Multicomponent Protein Cage Co-Crystals

The development of next-generation biomaterials is critical for addressing needs related to healthcare, environmental sustainability and economic growth. However, the simple conjugation of classic synthetic materials such as polymers with biomolecules is insufficient to support the current requirements for advanced materials. Therefore, inspired by the elegant examples from living organisms on how accurately structured macromolecular systems can be realized, hierarchical and multicomponent self-assembled biomaterials are seen as reliable and efficient candidates.

Here, the strategies and fabrication methods to produce multicomponent crystals consisting of protein cages are pursued. By screening the self-assembly conditions for different protein cages and synthetic components, hierarchically ordered 3D structures with advanced functionalities are achieved, for example in catalysis, plasmonics and sequestration of chemicals. Furthermore, the understanding of the underlying principles behind the self-assembly process and the resulting structure-function relationship will shed light on the design and engineering of more complex and functional biomaterials.

During the project, we have synthesized the required agents for multicomponent protein cage co-crystals, including cationic ferritin and macrocycles (pillararenes and cyclodextrins). Cationic ferritin was employed to form binary crystals with negatively charged Cowpea Chlorotic Mottle Virus (CCMV) protein cages. Moreover, by incorporating gold and iron oxide particles into separate protein cages, we have explored extending the approach to create 3D magneto-plasmonic crystals. We are currently exploring the microfluidic tool to accurately control the self-assembly conditions of nanoparticles in solution and the subsequent in situ characterization of nucleation and growth of nanoparticle co-crystals with liquid TEM / time-resolved SAXS. Meanwhile, the cationic macrocycles have been successfully utilized to co-crystalize with apoferritin cages for capturing inorganic and organic pollutants through host-guest chemistry. Finally, we achieved the sol-gel synthesis of mesoporous silica materials with crystalline periodicity using the apoferritin single crystals as the template.

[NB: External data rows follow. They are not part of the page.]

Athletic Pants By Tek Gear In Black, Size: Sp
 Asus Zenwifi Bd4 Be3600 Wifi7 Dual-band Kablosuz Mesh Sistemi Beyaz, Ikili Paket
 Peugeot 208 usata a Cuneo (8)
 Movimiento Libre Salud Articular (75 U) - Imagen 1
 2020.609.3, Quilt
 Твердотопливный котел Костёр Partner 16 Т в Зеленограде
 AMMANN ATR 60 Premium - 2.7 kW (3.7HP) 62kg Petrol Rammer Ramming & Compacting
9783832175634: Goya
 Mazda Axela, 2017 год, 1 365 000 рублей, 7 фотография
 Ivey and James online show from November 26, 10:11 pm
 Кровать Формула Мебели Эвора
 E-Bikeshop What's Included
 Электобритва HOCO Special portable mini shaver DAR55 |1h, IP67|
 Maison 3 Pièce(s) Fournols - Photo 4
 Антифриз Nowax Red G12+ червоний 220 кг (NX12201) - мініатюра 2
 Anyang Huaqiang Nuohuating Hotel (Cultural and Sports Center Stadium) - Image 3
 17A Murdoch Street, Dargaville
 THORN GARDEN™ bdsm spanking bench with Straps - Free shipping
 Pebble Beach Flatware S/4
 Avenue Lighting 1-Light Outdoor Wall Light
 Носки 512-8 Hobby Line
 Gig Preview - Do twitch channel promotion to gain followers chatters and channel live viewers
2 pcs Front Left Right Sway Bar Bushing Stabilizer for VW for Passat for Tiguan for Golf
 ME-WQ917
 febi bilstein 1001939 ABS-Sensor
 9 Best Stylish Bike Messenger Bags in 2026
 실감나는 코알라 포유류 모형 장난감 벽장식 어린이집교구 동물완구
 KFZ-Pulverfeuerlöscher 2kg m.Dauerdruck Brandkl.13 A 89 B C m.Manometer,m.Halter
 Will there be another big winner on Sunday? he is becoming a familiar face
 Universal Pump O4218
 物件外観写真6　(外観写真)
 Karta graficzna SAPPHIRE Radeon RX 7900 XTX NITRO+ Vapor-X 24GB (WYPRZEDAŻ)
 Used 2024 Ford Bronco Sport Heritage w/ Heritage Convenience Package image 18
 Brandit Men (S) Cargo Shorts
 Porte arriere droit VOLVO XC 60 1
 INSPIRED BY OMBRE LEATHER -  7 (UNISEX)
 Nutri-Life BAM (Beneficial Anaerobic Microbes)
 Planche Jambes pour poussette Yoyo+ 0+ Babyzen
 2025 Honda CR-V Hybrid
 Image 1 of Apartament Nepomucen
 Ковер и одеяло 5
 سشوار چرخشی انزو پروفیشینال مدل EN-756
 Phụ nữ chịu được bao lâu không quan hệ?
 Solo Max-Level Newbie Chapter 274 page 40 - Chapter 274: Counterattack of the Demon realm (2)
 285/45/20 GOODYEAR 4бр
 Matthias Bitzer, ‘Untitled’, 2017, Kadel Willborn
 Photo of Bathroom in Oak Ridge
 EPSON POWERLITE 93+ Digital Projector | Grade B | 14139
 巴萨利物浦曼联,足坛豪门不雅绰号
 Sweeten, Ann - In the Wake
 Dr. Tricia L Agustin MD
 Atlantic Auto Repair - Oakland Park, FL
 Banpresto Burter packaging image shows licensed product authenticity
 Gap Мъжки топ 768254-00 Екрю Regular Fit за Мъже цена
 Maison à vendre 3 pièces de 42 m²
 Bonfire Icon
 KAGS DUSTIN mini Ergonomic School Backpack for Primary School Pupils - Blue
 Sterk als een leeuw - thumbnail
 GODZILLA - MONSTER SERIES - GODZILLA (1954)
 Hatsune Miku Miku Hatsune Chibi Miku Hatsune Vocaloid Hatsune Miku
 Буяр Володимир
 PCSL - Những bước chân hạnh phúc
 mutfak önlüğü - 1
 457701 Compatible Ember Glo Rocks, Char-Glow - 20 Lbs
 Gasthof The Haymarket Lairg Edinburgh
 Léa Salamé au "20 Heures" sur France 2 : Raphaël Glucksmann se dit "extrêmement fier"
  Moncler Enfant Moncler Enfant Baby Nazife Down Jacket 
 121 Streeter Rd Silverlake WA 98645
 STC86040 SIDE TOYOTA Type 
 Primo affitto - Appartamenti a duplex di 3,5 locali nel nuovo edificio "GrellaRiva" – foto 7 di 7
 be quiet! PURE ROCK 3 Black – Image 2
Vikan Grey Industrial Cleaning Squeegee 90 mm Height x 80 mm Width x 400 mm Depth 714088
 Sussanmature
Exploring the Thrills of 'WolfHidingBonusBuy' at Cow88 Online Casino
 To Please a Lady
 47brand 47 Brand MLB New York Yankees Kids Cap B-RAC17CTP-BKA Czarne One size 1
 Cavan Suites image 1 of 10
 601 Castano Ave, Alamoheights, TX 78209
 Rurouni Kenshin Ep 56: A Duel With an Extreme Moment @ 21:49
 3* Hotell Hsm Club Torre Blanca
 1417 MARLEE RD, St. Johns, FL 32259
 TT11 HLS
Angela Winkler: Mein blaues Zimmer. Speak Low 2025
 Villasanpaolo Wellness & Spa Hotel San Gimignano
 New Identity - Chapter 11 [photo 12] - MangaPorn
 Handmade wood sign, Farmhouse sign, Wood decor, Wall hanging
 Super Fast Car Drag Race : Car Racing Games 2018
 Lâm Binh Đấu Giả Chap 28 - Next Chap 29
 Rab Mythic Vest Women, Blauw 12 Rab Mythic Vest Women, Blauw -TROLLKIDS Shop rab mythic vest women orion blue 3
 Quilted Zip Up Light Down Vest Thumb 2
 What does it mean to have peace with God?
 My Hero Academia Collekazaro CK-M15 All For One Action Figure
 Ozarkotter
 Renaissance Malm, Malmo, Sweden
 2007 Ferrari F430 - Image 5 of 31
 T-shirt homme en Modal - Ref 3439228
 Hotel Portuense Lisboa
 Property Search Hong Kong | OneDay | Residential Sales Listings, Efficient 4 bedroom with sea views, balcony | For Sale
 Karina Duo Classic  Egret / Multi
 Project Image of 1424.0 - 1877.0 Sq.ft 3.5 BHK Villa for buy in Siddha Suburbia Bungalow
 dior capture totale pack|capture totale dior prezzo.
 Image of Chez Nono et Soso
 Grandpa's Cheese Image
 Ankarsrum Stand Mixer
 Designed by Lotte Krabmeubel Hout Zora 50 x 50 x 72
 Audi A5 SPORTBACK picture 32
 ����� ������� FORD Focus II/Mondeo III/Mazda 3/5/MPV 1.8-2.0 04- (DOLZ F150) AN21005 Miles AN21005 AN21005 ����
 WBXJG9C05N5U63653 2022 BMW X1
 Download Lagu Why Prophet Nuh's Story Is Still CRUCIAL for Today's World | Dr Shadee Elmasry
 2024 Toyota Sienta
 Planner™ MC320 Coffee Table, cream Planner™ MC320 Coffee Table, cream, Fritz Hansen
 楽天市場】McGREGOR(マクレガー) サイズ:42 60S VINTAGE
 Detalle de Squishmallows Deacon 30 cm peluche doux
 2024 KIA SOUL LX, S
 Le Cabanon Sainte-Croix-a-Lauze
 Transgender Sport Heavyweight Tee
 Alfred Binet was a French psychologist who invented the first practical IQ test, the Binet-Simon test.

Superlattices utilizing diverse configurations of protein cages have been extensively documented. However, creating large 3D binary nanoparticle superlattices without DNA assistance still poses a considerable challenge. Moreover, research exploring how the 3D crystal structure contributes to the distinctive functions of these materials, is yet to be conducted. This project represents an important achievement, as we have successfully synthesized 3D magnetoplasmonic crystals utilizing two distinct protein cages (ferritin and CCMV). This accomplishment is expected to provide valuable insights into both multicomponent protein crystal formation and magnetoplasmonic materials. To make this system more comprehensive, we have also prepared other 3D ordered protein crystals. These include crystals for simultaneous organic and inorganic host-guest chemistry and protein cage-templated silica growth by sol-gel chemistry. To widen the pool of available building blocks, we have used DNA-origami templating to direct the formation of various protein cages. This enables the rational design of different cage sizes and shapes, which offers and interesting starting point for preparing higher-order structures.